That's fine as far as it goes, but now there is both a J and a J'. Actually there's nothing wrong with this—you can leave this situation in place, and even merge with it like this, with no real harm done. But you might want to make J' part of master first and then share it.
Again, there is more than one way to do this. I want to illustrate one particular way, though, because git rebase has some magic in it.
Let's say that we have done the feature2 rebasing so that we have this now. We'll drop the abandoned commits entirely, just like Git does when it eventually gets around to garbage-collecting them (note: you get at least 30 days by default before this happens, giving you about a month to change your mind):
J'-P'-Q' <-- feature2
/
...--E--F--G <-- master
\
I--J--K--L <-- feature1
Run Code Online (Sandbox Code Playgroud)
You can now fast-forward master to include J':
git checkout master
git merge --ff-only <hash-id-of-J'>
Run Code Online (Sandbox Code Playgroud)
This moves the labels, without changing the commit graph. To make it easy to draw in ASCII text, though, I'll move J' down one row:
P'-Q' <-- feature2
/
...--E--F--G--J' <-- master
\
I--J--K--L <-- feature1
Run Code Online (Sandbox Code Playgroud)
(We could also get here by explicitly git cherry-picking J into master originally, then rebasing feature2 without any fancy footwork.) So now we'd like to copy feature1's commits, adding them after J', and removing J.
We could do this with another git rebase -i, which lets us explicitly delete the original commit J. But we don't have to. Well, we don't have to, most of the time. Instead, we just run:
git checkout feature1
git rebase master
Run Code Online (Sandbox Code Playgroud)
This tells Git that it should consider I-J-K-L as the candidates for the copy, and put the copies after J' (where master now points). But—here's the magic—git rebase looks closely at all6 of the commits that are on master that are not on feature1 (these are called the upstream commits, in at least a few bits of documentation). In this case, that's J' itself. For each such commit, Git diffs the commit against its parent (a la git cherry-pick) and turns the result into a patch ID. It does the same with each candidate commit. If one of the candidates (J) has the same patch ID as one of the upstream commits, Git eliminates the candidate from the list!

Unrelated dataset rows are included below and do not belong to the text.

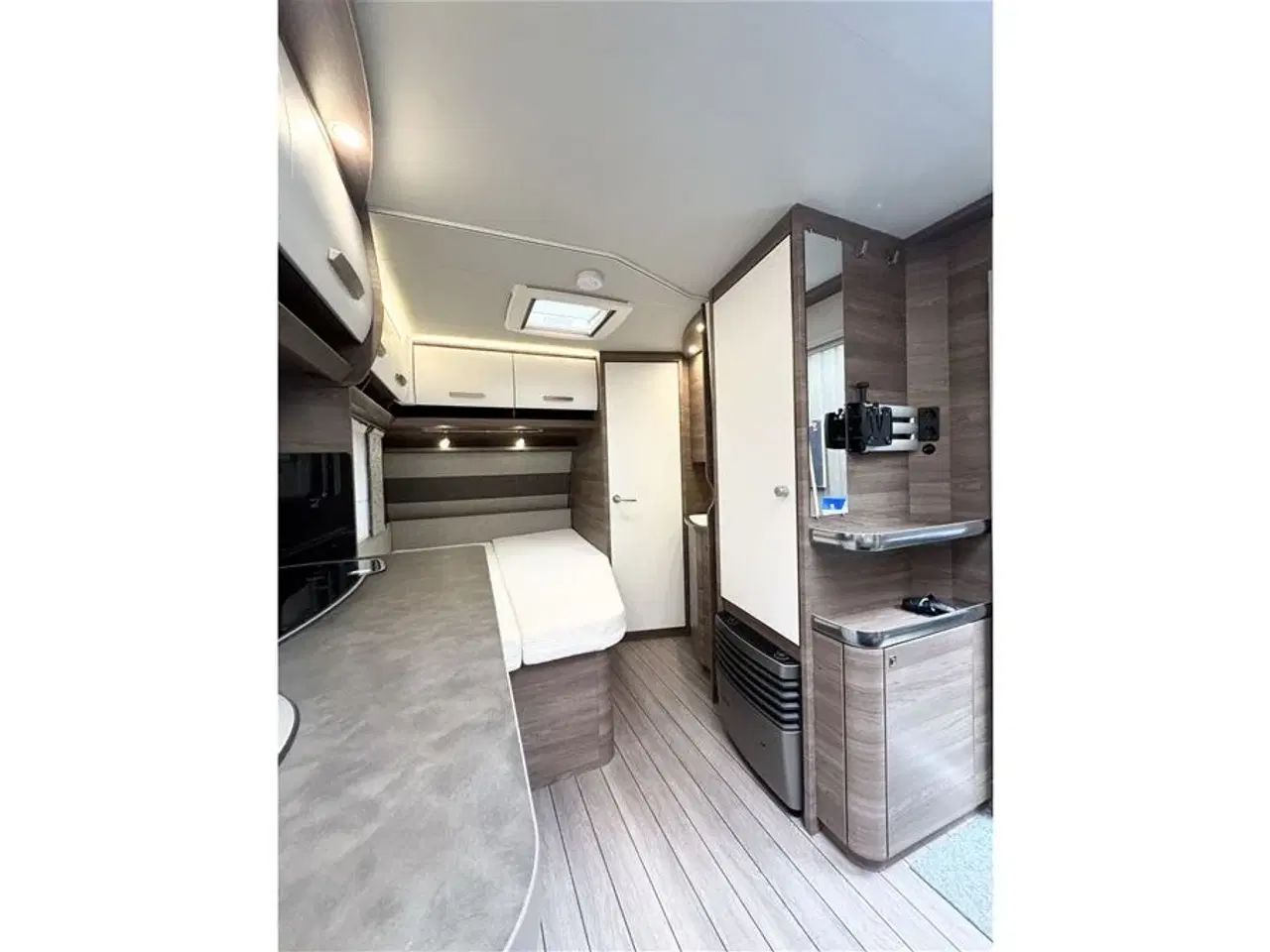 Billede 6 - 2020 - Knaus Sport 450 FU - Silver Selection   Franskseng-Gulvtemp.-Mover-Telt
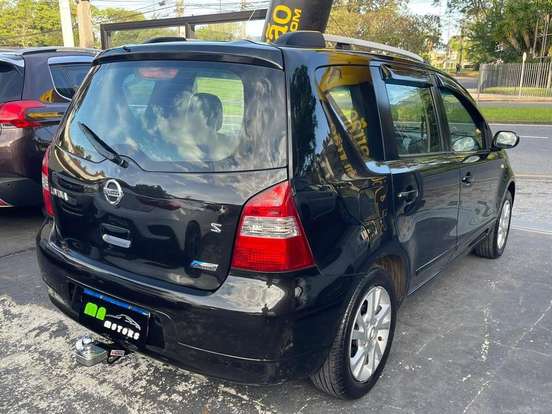NISSAN-LIVINA-2013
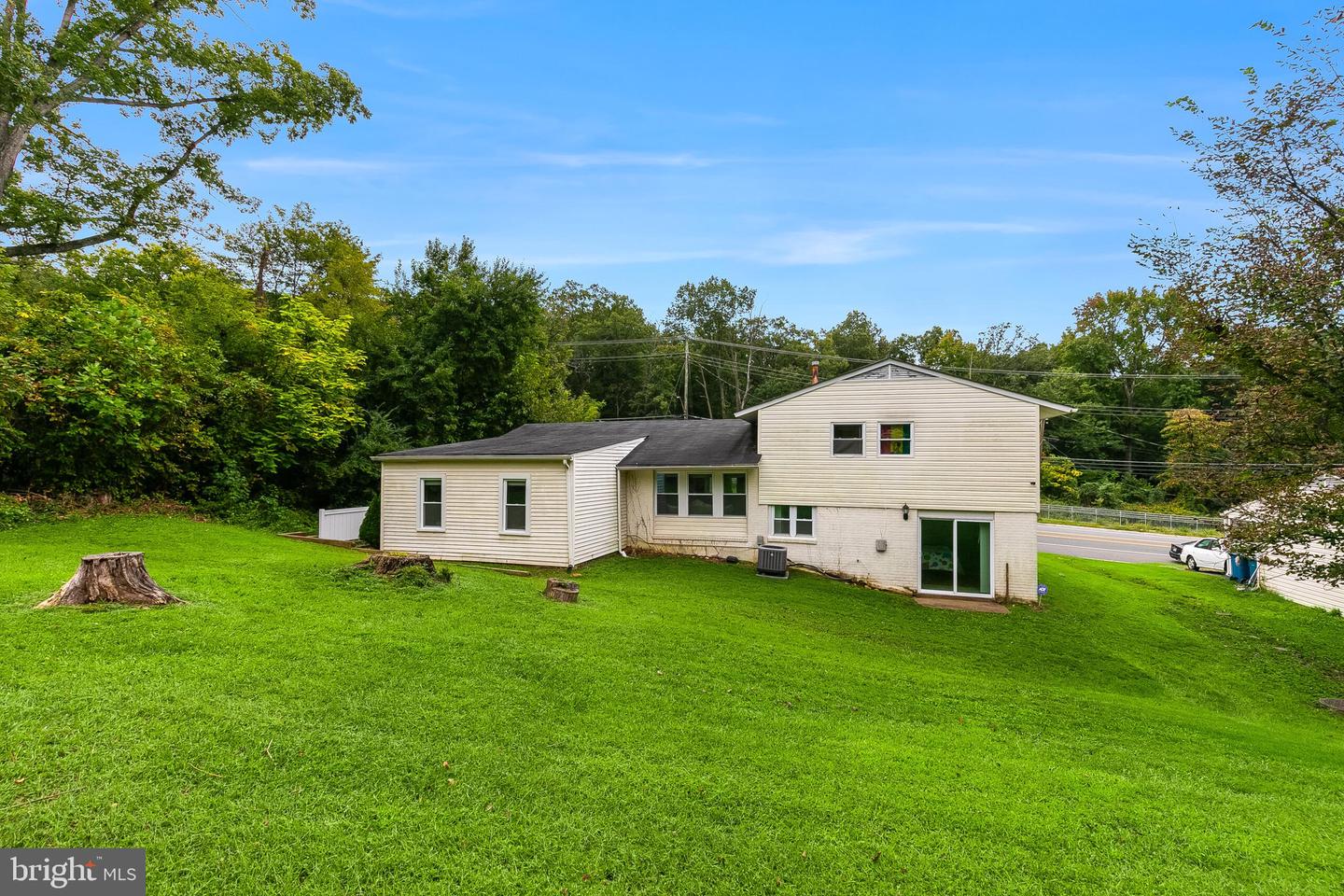 6624 TELEGRAPH RD, ALEXANDRIA, Virginia 22310, 3 Bedrooms Bedrooms, ,3 BathroomsBathrooms,Residential,For sale,6624 TELEGRAPH RD,VAFX2268322 MLS # VAFX2268322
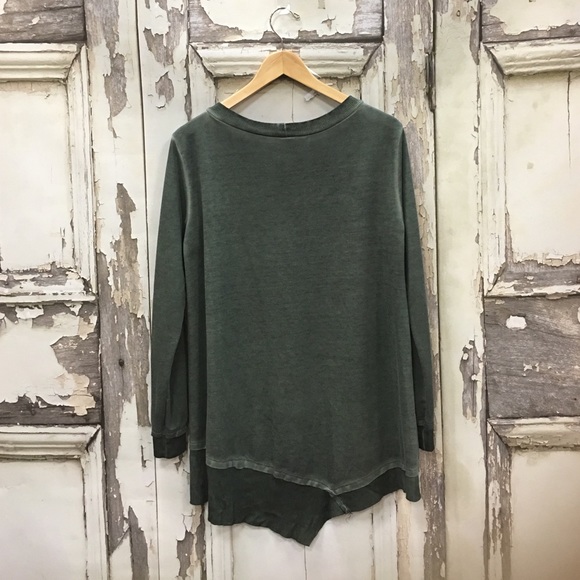 💕💕HP 2-13 💕💕 Wildest Dreams Tunic - Picture 3 of 3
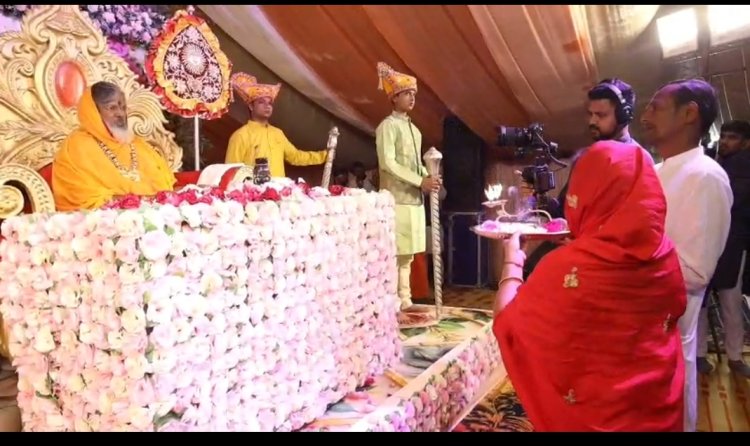 BIG NEWS: एकलिंगजी और मेवाड़ की उत्पत्ति की कथा सुन भाव विव्हल हुए श्रद्धालू, उमड़ा भक्तों का सैलाब, जगद्गुरु वसन्त विजयानन्द गिरी महाराज बोले- शतखण्ड पृथ्वी का सर्वोत्तम स्थान मेदपाट यानि मेवाड़, पढ़े खबर 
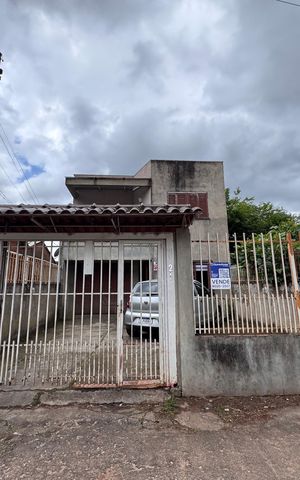 Casa à venda com 180m², 3 quartos e 4 vagas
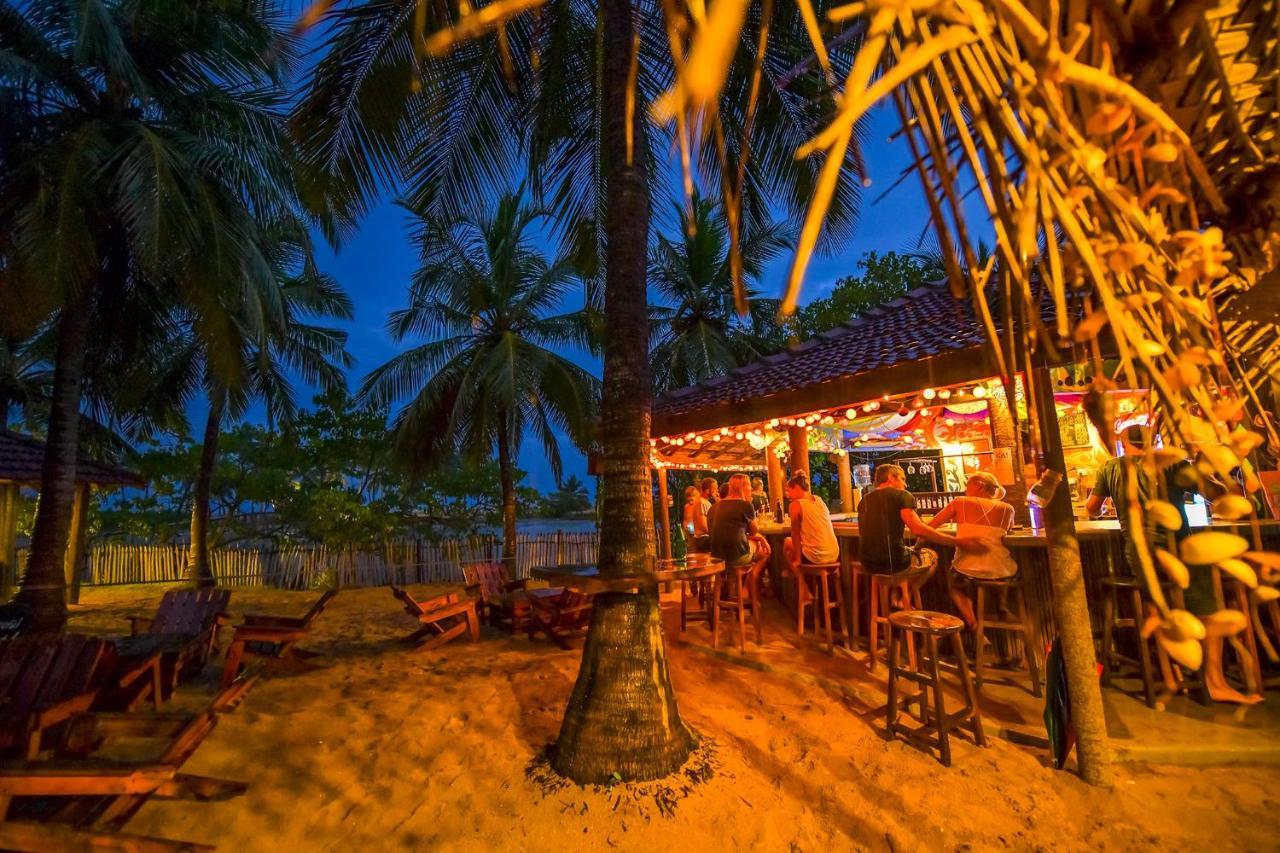 Отель Kitesurfing Lanka Калпития Экстерьер фото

Hence, as long as both J and J' have the same patch ID, Git automatically drops J, so that the final result is:
P'-Q' <-- feature2
/
...--E--F--G--J' <-- master
\
I'-K'-L' <-- feature1
Run Code Online (Sandbox Code Playgroud)
which is just what we wanted.
6All, that is, except merges. Rebase literally can't copy merges—a new merge has a different parent-set than the original, and cherry picking "undoes" a merge in the first place—so by default it skips them entirely. Merges don't get a patch ID assigned, and don't get plucked out of the set because they were never in the set. It's usually a bad idea to rebase a graph-fragment that contains a merge.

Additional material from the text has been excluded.